Nepotism, contractors, more about a lawsuit
The school board discussed the shortcomings of a new policy during its February meeting. The Board’s discussion gives me reason to report on something I’ve been reluctant to write about. Despite getting into a bit of boardroom trouble years ago, for engaging in an alleged “personal attack,” I really hate the sordidness that can come from mucking about and questioning a public official’s “personal interest.” Attacking someone personally, however, isn’t the same as calling out someone in a position of power for an action that undermines trust and hampers his/her ability to effectively represent the public’s interest.
Over the years since my confrontation in the boardroom, I’ve asked many people to please make certain that we the former Chair I once tangled with, and myself--don’t end up in the same nursing home someday. I’d probably drive the home’s nursing staff crazy, constantly tailing him around the place in my walker, shouting:
“Come back here, you old coot! Don’t tell ME I can’t remind you of your promises! These words are still on the record!”
Nasty nepotism
The school board’s discussion, concerning policy 307: “Conflict of Interest and Fiduciary Duty,” centered around the policy’s efficacy in preventing nepotism.
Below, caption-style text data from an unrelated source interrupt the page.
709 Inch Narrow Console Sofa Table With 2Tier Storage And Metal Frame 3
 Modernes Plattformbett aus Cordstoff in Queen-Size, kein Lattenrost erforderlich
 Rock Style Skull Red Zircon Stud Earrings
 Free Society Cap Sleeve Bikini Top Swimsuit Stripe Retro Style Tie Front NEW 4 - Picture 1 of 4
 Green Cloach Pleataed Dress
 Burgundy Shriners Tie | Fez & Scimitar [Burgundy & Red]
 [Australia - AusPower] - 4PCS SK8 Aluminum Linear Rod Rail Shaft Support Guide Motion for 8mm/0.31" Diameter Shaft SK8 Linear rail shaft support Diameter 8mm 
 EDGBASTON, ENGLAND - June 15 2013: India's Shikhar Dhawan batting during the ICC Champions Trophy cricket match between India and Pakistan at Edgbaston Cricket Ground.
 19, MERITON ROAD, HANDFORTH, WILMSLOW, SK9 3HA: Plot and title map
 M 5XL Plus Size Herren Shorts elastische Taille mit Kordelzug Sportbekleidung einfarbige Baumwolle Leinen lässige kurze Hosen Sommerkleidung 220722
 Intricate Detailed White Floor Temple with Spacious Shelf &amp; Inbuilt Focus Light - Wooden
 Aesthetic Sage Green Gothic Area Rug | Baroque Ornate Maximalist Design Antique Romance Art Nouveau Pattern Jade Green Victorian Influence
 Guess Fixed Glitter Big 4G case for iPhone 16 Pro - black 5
A number of members referred to government nepotism as being a “prevalent” and “prominent” problem in our community.
Our representatives seemed to be referring to a recent Duluth News Tribune article, which exposed the fact that St. Louis County Attorney Mark Rubin had considered “only one finalist for an open attorney position in his office”: his son, Tony Rubin. The paper reported that “at least 10 current or former prosecutors applied for (a) recent opening in the criminal division” of the County Attorney’s Office in Duluth, and listed the impressive credentials of many of these job applicants.
In comparison, Mr. Rubin’s 41-year-old son, the Trib further reported, had only four years of private practice experience and “no prior experience in criminal law.” The paper pointed out “the serious ethical concerns,” raised by hiring a family member. It quoted an ethics lawyer, who called the practice “a common problem…a nepotism issue.”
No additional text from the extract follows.